9/11 'conspiracy' theories challenged by Cambridge research

Sep 11, 2007
World Trade Centre
World Trade Centre

A new mathematical analysis of the collapse of the World Trade Centre has been published by a Cambridge University academic, with results that challenge conspiracy theories surrounding the September 11th attacks.

The new paper, by Dr Keith Seffen, uses established engineering models to demonstrate that once the collapse of the twin towers began, it was destined to be rapid and total.

Although the causes that initiated the collapse of the twin towers are now well understood, engineers continue to speculate about the speed and totality with which the buildings were demolished during the fateful attacks.

Some have even dared to suggest that the catastrophic events that followed two planes being flown into the buildings were the result of a conspiracy that extended to the top of government itself.

Dr Seffen, a Senior Lecturer in the Structures Group in the Department of Engineering, was moved to find a scientific explanation for the collapse when he heard about reports of possible insider involvement. Claims of "controlled demolition" were being suggested, in order to explain the speed, uniformity and similarity between the collapses of both towers.

"I thought immediately that there had to be a rational explanation for why collapse happened as it did, one which draws on engineering principles," he said. "After searching the current literature, it became clear that many studies focused on the phase just before collapse settles in.

"They rightly show that the combination of fire and impact damage severely impaired those parts of the building close to where the aircraft hit to hold the weight of the building above. The top parts were bound to fall down, but it was not clear why the undamaged building should have offered little resistance to these falling parts."

Dr Seffen's new analysis, which will be published in a forthcoming issue of the American Society of Civil Engineers' Journal of Engineering Mechanics, focuses on calculating the residual capacity of the building to resist the weight of the floors above under collapse conditions.
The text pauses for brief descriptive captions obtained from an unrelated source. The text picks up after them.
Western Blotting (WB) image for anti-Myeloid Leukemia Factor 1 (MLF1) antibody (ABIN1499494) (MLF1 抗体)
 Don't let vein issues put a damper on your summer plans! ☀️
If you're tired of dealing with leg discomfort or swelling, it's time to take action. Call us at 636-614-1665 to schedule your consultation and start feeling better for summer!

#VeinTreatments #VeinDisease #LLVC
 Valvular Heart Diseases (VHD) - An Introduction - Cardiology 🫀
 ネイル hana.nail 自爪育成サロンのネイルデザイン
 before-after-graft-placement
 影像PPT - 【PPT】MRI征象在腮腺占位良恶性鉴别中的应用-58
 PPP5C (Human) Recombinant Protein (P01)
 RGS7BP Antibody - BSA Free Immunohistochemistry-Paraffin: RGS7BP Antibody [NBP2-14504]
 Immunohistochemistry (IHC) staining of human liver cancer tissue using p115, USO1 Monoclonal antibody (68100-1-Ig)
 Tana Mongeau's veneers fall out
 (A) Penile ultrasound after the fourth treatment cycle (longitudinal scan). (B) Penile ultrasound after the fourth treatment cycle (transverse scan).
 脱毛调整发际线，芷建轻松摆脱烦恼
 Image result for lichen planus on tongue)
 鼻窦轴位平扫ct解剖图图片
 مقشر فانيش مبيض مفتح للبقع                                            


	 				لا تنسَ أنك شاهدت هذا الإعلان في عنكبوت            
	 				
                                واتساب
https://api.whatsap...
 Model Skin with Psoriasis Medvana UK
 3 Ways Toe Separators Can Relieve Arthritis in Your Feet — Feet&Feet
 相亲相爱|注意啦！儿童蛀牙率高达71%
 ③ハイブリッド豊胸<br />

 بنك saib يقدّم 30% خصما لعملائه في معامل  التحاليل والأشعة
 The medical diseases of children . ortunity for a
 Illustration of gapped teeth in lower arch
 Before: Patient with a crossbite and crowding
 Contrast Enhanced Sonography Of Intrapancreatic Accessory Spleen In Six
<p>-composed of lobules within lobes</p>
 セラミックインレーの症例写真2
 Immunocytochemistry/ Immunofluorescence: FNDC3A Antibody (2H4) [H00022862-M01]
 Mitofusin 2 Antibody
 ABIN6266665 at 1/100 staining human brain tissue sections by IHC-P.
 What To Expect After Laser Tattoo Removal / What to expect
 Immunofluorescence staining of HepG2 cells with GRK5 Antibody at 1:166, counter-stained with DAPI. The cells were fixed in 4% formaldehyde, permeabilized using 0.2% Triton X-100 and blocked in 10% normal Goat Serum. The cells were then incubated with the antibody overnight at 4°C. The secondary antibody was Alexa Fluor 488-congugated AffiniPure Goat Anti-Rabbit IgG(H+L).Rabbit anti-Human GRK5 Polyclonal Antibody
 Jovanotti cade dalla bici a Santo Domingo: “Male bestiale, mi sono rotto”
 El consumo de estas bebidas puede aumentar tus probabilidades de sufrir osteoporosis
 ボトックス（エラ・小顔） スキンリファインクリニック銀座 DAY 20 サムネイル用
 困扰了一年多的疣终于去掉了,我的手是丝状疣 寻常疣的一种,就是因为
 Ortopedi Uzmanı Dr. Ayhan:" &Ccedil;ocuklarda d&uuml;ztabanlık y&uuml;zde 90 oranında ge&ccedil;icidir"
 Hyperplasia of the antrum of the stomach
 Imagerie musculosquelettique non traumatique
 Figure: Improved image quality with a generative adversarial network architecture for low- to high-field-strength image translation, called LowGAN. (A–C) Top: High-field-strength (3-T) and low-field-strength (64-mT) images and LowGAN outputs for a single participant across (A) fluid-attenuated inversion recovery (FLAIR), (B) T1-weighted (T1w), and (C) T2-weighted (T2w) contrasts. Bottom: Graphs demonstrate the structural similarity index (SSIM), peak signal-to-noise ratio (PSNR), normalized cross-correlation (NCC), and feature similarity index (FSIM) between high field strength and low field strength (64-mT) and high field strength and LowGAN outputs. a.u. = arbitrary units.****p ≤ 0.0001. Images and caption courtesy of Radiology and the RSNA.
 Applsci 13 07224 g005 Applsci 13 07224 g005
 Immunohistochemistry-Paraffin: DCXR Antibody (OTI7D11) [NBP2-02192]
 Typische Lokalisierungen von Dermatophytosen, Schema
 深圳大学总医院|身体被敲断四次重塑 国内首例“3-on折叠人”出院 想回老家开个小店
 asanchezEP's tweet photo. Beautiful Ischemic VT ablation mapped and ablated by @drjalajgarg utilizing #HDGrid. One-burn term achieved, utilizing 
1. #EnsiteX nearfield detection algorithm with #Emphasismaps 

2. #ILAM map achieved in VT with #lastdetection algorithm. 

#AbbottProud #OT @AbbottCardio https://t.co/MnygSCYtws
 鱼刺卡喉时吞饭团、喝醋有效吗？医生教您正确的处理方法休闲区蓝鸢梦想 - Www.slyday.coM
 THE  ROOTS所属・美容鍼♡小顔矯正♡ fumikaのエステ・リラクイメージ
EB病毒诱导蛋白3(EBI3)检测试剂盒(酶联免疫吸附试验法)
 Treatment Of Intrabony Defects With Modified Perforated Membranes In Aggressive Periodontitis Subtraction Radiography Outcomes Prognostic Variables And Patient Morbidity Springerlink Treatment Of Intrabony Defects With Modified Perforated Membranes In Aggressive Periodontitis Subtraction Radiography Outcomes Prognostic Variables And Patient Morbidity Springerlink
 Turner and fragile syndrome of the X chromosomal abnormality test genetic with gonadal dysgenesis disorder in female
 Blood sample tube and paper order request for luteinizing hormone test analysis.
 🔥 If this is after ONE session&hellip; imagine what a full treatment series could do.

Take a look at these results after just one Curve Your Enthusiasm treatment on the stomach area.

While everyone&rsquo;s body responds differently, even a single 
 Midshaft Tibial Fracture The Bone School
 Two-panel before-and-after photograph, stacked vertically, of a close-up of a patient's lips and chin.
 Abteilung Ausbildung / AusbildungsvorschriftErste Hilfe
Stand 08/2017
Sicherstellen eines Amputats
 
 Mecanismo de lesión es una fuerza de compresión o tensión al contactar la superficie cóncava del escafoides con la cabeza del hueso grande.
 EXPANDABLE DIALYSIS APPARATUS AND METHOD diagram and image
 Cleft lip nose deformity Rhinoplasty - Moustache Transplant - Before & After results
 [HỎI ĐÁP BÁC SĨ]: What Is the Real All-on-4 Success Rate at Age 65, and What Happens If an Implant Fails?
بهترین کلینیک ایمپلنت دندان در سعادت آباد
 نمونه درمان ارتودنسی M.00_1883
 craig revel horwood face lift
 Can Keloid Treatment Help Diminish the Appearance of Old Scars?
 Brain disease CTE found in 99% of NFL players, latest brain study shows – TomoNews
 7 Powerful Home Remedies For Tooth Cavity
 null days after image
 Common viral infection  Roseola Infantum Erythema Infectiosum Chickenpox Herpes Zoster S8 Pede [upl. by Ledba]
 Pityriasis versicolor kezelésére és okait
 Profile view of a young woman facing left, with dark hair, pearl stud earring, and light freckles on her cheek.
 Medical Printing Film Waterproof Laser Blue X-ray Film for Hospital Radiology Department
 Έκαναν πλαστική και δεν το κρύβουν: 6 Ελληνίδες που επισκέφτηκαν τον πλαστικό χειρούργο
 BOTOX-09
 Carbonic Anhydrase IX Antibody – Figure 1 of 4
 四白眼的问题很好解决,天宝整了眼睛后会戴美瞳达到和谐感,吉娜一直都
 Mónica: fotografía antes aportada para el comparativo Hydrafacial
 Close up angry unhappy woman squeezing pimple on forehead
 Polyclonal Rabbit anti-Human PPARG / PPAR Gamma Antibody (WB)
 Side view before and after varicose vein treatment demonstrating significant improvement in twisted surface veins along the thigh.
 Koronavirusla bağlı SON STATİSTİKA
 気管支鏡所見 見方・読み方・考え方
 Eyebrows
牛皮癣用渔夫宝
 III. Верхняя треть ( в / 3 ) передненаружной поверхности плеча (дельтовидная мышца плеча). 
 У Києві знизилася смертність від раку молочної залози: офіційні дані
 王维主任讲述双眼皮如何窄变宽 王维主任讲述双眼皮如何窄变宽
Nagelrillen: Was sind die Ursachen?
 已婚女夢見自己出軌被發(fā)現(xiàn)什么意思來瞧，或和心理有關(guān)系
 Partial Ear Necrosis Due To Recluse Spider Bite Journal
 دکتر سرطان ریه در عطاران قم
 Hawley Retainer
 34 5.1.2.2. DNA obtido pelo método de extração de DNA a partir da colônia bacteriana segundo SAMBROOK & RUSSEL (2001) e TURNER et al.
He then develops a dynamic model of the collapse sequence, which simulates the successive squashing, or "pan-caking" of individual storeys based on the residual capacity already identified. The process is already well known from other studies of progressive collapse, but usually applies to other structures such as undersea pipelines, rather than buildings.

This allowed Dr Seffen to predict that the residual capacity of both buildings was limited, and once collapse had started, it would take only 10 seconds for the building to go down - just a little longer than the free-falling of a coin dropped from the top of either tower.

"The aim was to produce a credible scientific explanation for the totality of collapse once it began," he said.

"In all senses, the collapse sequence was quite ordinary and natural. The World Trade Centre towers were designed to absorb an aircraft impact, but an accidental one with much less fuel and speed. It is widely acknowledged that the impacts on September 11th were extraordinary, which led to consequences well in excess of the design capacity for the buildings. The original design of both towers must be praised for standing as long as they did, saving more lives than might have been expected."